■ **Problem**
Below is a listing; transcribe it exactly but without any images.

■ **Data**
= = = =

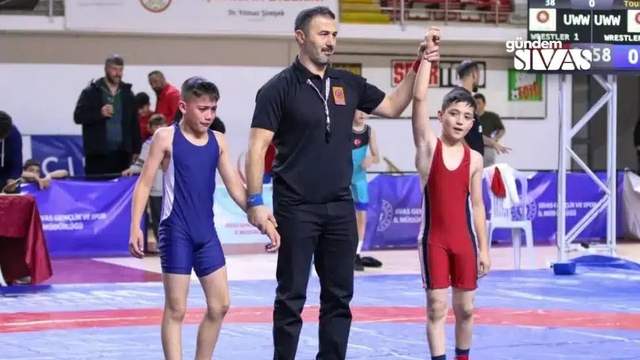 Sivas'ta Genç Pehlivanlar Sahne Aldı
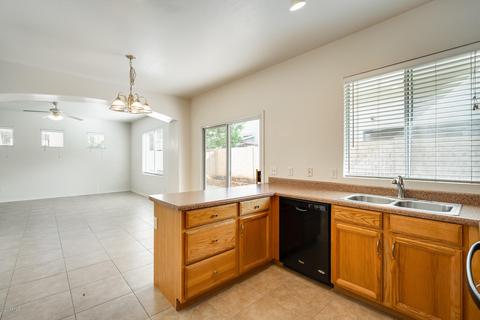 1443 S Pheasant Dr, Gilbert, AZ 85296 photo 14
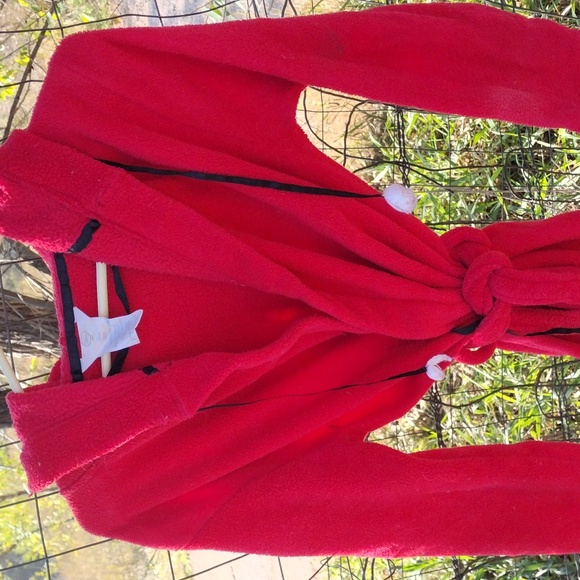 Robe - Picture 3 of 8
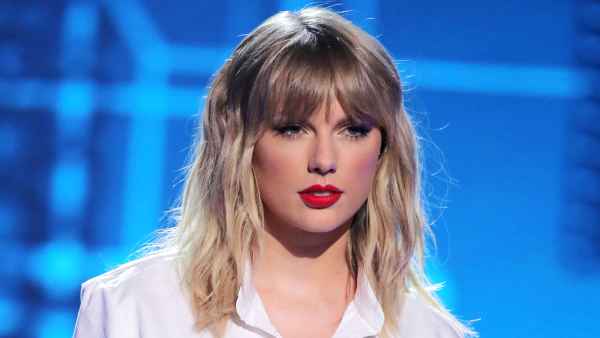 Taylor Swift Performs Epic Medley Her Biggest Hits 2019 AMAs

= = = =

■ **Reply to the task**
 Sivas'ta Genç Pehlivanlar Sahne Aldı
 1443 S Pheasant Dr, Gilbert, AZ 85296 photo 14
 Robe - Picture 3 of 8
 Taylor Swift Performs Epic Medley Her Biggest Hits 2019 AMAs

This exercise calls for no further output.